Admittedly that first possibility along the get-it-mostly-working-first lines didn't look too bad. But I think it's worth more closely introspecting our motives. In particular there's a real recruitment factor in capturing people's imagination with a solution that does a meaningful but incomplete set of what a number of people are hoping may be possible. Even when we don't know or suspect a rapid audience from prospective contributers, we might be more likely to attract the focus of an expert with a "scaffolding" grade solution. Honestly, and again with the strictest of focuses on only my personal and not any of my professional technology pursuits, that all basically bites.
The Operating System vision provided by GNU is of a coherent system of tools which work well and work well together, that's a clear demarcation and should be taken starkly as a way-point when we trouble to imagine contributing important new functionality to the libre/free-software ecosystem, as admittedly not all our things do.
Tell Me Again, But Make It Sound Fun
Tesler's Law drives us to consider our designs in terms of the appropriate complexity to expose to users, as well perhaps as how to compose for other maintainer and the curious, stating:
Every application has an inherent amount of irreducible complexity. The only question is: Who will have to deal with it — the user, the application developer, or the platform developer? The Law of Conservation of Complexity
Now we're down to one question: whom shall "deal with it". Fun, for sure.
I've Been Seeing This Other Problem-Space
It's not what you think. Well. It could be what you think.
Sometimes we have a pretty clear instinct about what will inevitability drive complexity into our solution. For example, let's say we have in mind a transient based interface for video workflow automation. With this we might anticipate some difficulty avoiding e.g. having some approach expressing the different tool/packages/configurations and media formats "in the wild".
This nicely illustrates Tesler's Law: we have some liberty to chose the freedoms we will offer the user, to close-off difficult to support usages in the name of maintainability, and to provide User/ Application Programming/Customize Interfaces, and thus pass the buck along, hopefully, with remarks and examples if no other "value-add".
Bring Flowers
If you are going to drop in, unannounced, unasked, with complexity someone may trouble themselves to learn, it is more than reasonable to spend some time struggling with and socializing your notions of- let's call it flexibility, as "simplification" seems presumptuous.

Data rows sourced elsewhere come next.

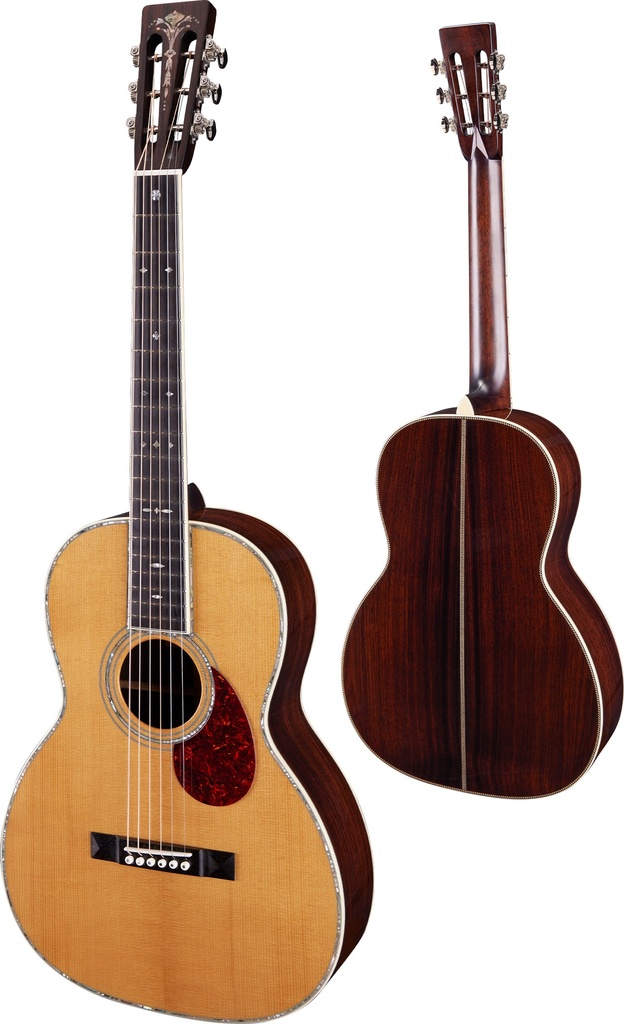Eastman E40 OO Acoustic Guitar Natural Thermo Cure - Adirondack Spruce/Madagascar Rosewood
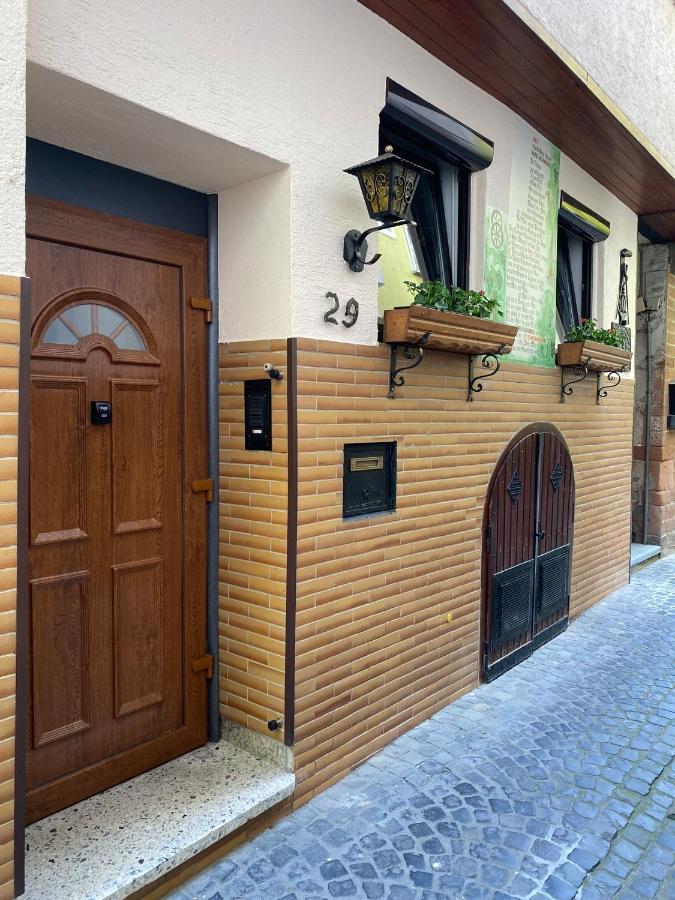 Alte Schmiede In Der Altstadt Von Sankt Goarshausen Dış mekan fotoğraf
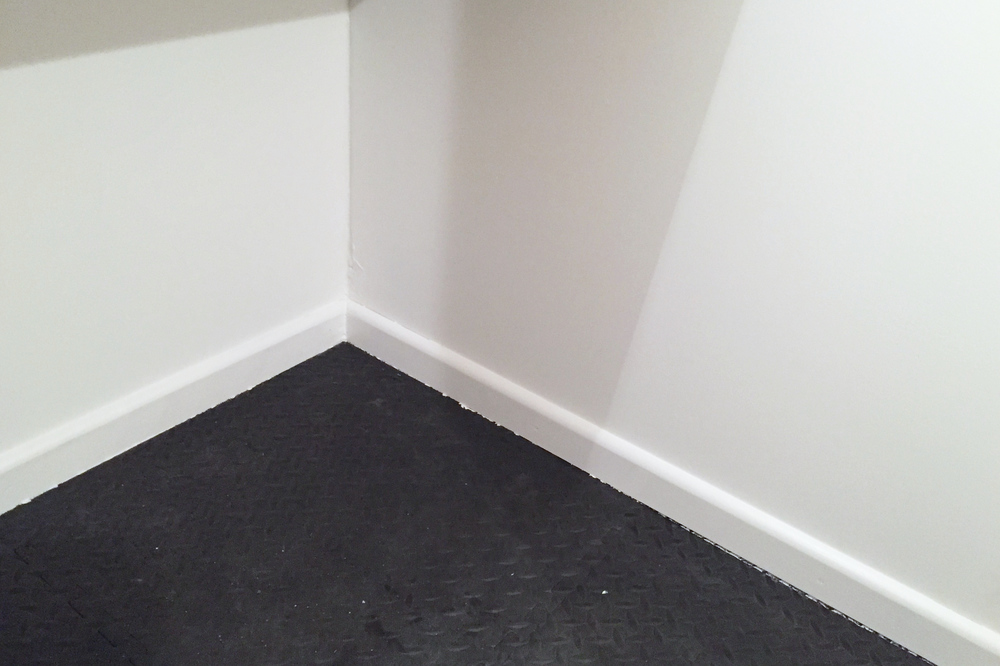 Flooring and skirting boards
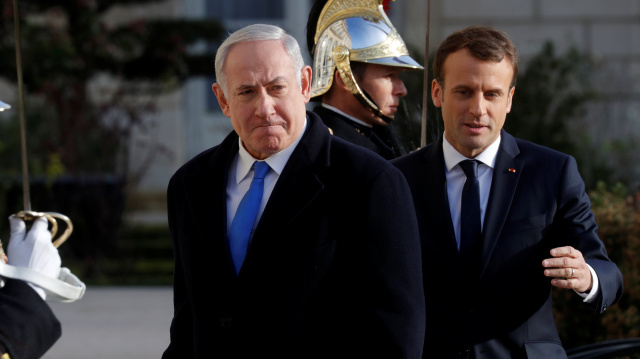 Fransa Cumhurbaşkanı Macron, İsrail Başbakanı Netanyahu'ya Fransa seçimlerine ilişkin açıklama yapan İsrailli Bakan hakkındaki rahatsızlığını iletti.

This could mean proposing a new format or semantic or an "intrusive" patch to existing one, or who knows. The goal will be to make a long term contract with your users about what they will need to remember about your program to install, configure, and (re)learn to use it. And too with any who may cooperate with (or subsume!) your own development, and must rationalize your decisions.
Dress for Dancing
Returning to the "goal posts" as outlined for the GNU Operating System, we can see that our mandate is to think comprehensively about our program's role among others. Seasoning our "inevitable" complexities as may compassionately conserve stresses among our users (much less respectfully distributing the burden of inventing, learning, and adopting new practice among application, platform, and ecosystem collaborators) will be a meaningful chore.